Oil rose to its highest since May 2015, supported by OPEC-led production cuts and expectations U.S. crude inventories fell for an eighth week.

U.S. crude prices were up 0.75 percent at $62.19 a barrel.

At 9:14 a.m. EST (1414 GMT), the Canadian dollar was trading at C$1.2433 to the greenback, or 80.43 U.S. cents, down 0.1 percent. The currency traded in a range of C$1.2399 to C$1.2448.

The loonie touched its strongest level in three months at C$1.2355 on Friday after stronger-than-expected domestic jobs data prompted investors to bet on a Bank of Canada interest rate hike as soon as Jan. 17.

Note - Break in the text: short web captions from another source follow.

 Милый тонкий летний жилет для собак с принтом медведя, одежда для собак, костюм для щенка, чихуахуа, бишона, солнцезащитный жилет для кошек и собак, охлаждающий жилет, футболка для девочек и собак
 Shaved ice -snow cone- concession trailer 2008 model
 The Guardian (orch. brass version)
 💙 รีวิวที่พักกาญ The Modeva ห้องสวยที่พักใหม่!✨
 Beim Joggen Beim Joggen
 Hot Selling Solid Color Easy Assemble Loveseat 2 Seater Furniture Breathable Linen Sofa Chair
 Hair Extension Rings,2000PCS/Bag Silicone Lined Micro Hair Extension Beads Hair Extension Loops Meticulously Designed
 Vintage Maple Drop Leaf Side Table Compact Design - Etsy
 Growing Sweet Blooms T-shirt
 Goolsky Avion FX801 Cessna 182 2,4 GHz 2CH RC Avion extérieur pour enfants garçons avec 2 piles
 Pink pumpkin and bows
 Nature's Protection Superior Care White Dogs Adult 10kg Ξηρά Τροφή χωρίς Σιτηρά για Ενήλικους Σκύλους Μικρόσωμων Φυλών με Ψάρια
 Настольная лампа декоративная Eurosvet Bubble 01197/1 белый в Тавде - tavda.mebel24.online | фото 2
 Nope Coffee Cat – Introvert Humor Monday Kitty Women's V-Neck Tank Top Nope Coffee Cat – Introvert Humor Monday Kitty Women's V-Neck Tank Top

Chances of a rate hike next week have more than doubled to 80 percent since the jobs data, the overnight index swaps market indicated. They got a further boost from a Bank of Canada business survey on Monday that showed optimism.

Canadian government bond prices were lower across a steeper yield curve, with the two-year down 2 Canadian cents to yield 1.796 percent and the 10-year falling 22 Canadian cents to yield 2.184 percent.

The 2-year yield touched its highest intraday since June 2011 at 1.799 percent.

Canadian housing starts fell in December to a seasonally adjusted annual rate of 216,980 from November's downwardly revised 251,675. Economists had expected a decline to a 212,500 annual rate.